Two experts — Dr. Dianne Augelli, a sleep medicine specialist at Weill Cornell Medicine/New-York Presbyterian, and Dr. Rebecca Robbins, a sleep scientist at Brigham and Women’s Hospital in Boston — are also concerned that staying in bed during the day when you're not sleeping could disrupt your sleep cycle.

"I think it comes from a place that’s genuinely good ... like self-care and taking time to just relax," Augelli says. "But the place they’re doing it isn’t ideal in the long run."

She explains that, as a sleep physician, she wants people to use their beds only for sleep and sex.

"If you’re using your bed to eat and you’re on your phone a long time and you’re intermittently napping, it can ultimately lead to problems with initiating or maintaining sleep or your brain being able to shut down when you want to sleep," she says. "We don’t have that demarcation space."

Augelli adds that sleep issues get worse as people age and if bed rotting becomes habitual.

“Sometimes when people are a little bit younger, in their early 20s, they might not have as much difficulty, but it can become a very, very ingrained habit. And then it’s very difficult for people to sleep.”

How to bed rot in a safe way

The experts said that it's OK to bed rot as long as you take some precautions to protect your mental and physical health.

Avoid 'rotting' in your actual bed

Find a place outside your bed to "rot" during the day is best for protecting your ability to fall asleep in bed at night, Augelli says.

"I would definitely find a place that you can recharge,” she says, adding that it can even be a cot next to your bed, a couch or a guest bedroom. “A place that you are lying around and recharging and cutting yourself off from activities and responsibilities, that’s all fine. It can be anywhere else besides your bed.”

Be mindful of what you're doing to while bed rotting

Caudle suggests that some bed rotting pastimes might be more relaxing than others.

"Even though I think a lot of people's tendency in bed is to scroll (on their phones), sometimes that can actually be pretty anxiety provoking," she says, adding that you should think about what activities "actually truly make you relaxed."

"Maybe it's actually reading a book ... or catching up on magazines you haven't read in a while or watching a movie," she says. "Maybe it's actually turning everything off and just having some silence."

Get up every few hours and walk around

There is a risk for blood clots if you stay in bed for a long time, Dr. Daniel Landau at The Mesothelioma Center, who is board-certified in hematology, internal medicine and medical oncology, tells via email.

"When blood isn’t constantly pumping, it has a tendency to clot," he says. "When we walk or stretch, the muscles contract along the veins and force them to move the blood around. When we aren’t moving, the veins aren’t able to push the blood around."
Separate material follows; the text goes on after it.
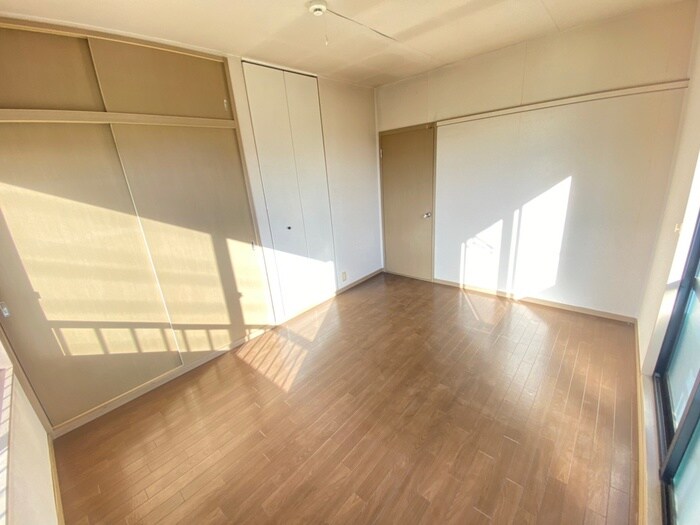 物件内観写真18　(居室)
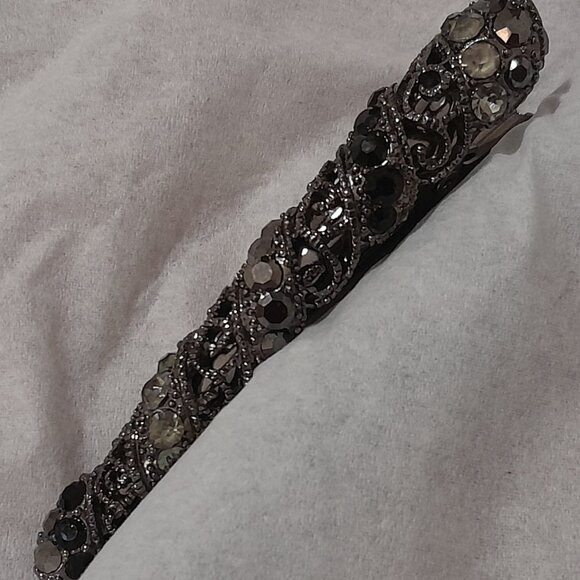 Studded Duck Bill/Alligator Hair Clip - Picture 4 of 5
The legs carry the biggest risk of blood clots, which can occur anywhere in the body and be life-threatening. People who are pregnant, overweight, take certain medications, smoke, or have family histories of clotting are higher risk, Landau says.

Explaining that bed rotting is similar to a long car ride or flight, he recommends getting up every two or three hours to stretch your legs and reduce the risk of blood clotting. You should also avoid lying on wounds while bed rotting to reduce risk of infection.